I have you lived in Delhi for over forty years. I was born in Jaipur, in Rajasthan. I start my work at 5am because I like the air at that time; it’s cooler and not so dusty. By the afternoon or evening, it suffocates me. You can’t breathe because the air is so thick with dust.

I have an allergy that makes a lot of my work very difficult. I get an allergic reaction to any kind of work that involves mixing concrete or shovelling dirt, so it becomes hard for me to breathe and I start coughing a lot.

I’ve never thought about [why the air is dirty]. All I can say is that I feel how much better the air is in the morning. By the end of the day the dirty air covers the city like a blanket. But I’ve never thought about why it becomes like that.

The buses produce a lot of black smoke. When you’re in the vehicle behind one of those buses or a truck then you literally hold your breath and put your shirt over your mouth. The black air is very harmful. I feel that there’s been no change in the air quality over the last forty years, but what I do feel is that the air is only breathable in the morning. That’s the only time of the day I enjoy walking around Delhi. After that, everything becomes mixed up and the air starts to suffocate me.

When I go to my village in Rajasthan I feel younger, when I come back I feel unwell and my allergy returns. This whole team [around 17 other manual labourers] all have similar issues to me. So that’s why I’m not surprised that many people are dying from this bad air. One of my friends isn’t here because he’s gone back to his village. His breathing problem was very bad, he would feel suffocated and you could see the strain on his face when he started coughing.

There’s no strength [“takad”: Hindi word meaning power or strength] in this air. The air in my village has more takad. The air in Delhi doesn’t have any. The air here smells bad but in my village it is fresh and makes you feel good. There is open sewage all around the city and sometimes, when I walk past that or burning plastic or mixing concrete at work, I feel so weak.

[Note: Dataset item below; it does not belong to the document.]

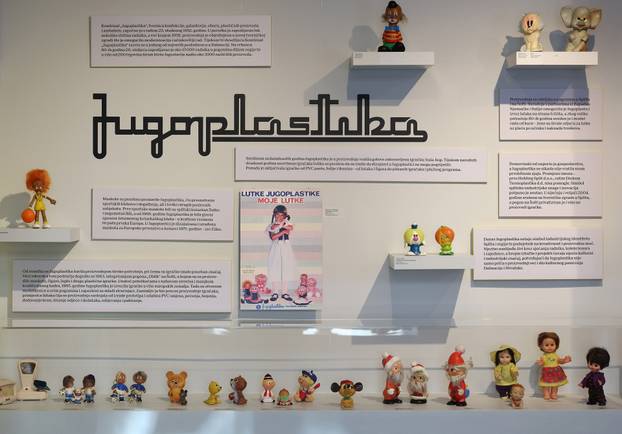 Zagreb: Izlozba 'Bilo jednom... Hrvatske tvornice igračaka u 20. stoljeću'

[Then] I cough furiously. It happens at work very often as I am working in a dusty environment, and sometimes work next to large traffic jams, all day. I even have the problem at home; sometimes I cough a lot when my wife is cooking some spicy food! I feel completely suffocated and claustrophobic.

At work, I don’t have the time or the energy to think about something like that [how it might be better]! I’m not educated enough to even start thinking about a problem like that. I’m poor and my main concern is to earn money to survive and feed myself and family. I can’t make a change in such a big place. I realise it’s problematic for me but, each year, I work to survive and to take a break when I return to my village and take a break and regain my strength. That’s all I can do.